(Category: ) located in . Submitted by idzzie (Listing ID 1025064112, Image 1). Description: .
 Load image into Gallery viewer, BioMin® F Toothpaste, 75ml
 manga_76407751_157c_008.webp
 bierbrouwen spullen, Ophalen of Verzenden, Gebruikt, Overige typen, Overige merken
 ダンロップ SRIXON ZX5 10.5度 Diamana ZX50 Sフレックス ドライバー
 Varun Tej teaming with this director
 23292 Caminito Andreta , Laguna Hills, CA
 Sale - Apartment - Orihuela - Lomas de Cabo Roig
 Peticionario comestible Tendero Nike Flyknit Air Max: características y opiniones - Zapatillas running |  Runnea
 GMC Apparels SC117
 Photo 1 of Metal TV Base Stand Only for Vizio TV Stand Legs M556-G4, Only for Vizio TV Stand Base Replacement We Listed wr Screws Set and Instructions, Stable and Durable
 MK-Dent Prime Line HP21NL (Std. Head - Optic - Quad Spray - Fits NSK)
★ ★ ★ ★
§ Exercise aim
The required output is every line above from the one with "bierbrouwen spullen, Ophalen" down to the one with "GMC Apparels SC117", restated word for word, ends included.

§ Result of this exercise
 bierbrouwen spullen, Ophalen of Verzenden, Gebruikt, Overige typen, Overige merken
 ダンロップ SRIXON ZX5 10.5度 Diamana ZX50 Sフレックス ドライバー
 Varun Tej teaming with this director
 23292 Caminito Andreta , Laguna Hills, CA
 Sale - Apartment - Orihuela - Lomas de Cabo Roig
 Peticionario comestible Tendero Nike Flyknit Air Max: características y opiniones - Zapatillas running |  Runnea
 GMC Apparels SC117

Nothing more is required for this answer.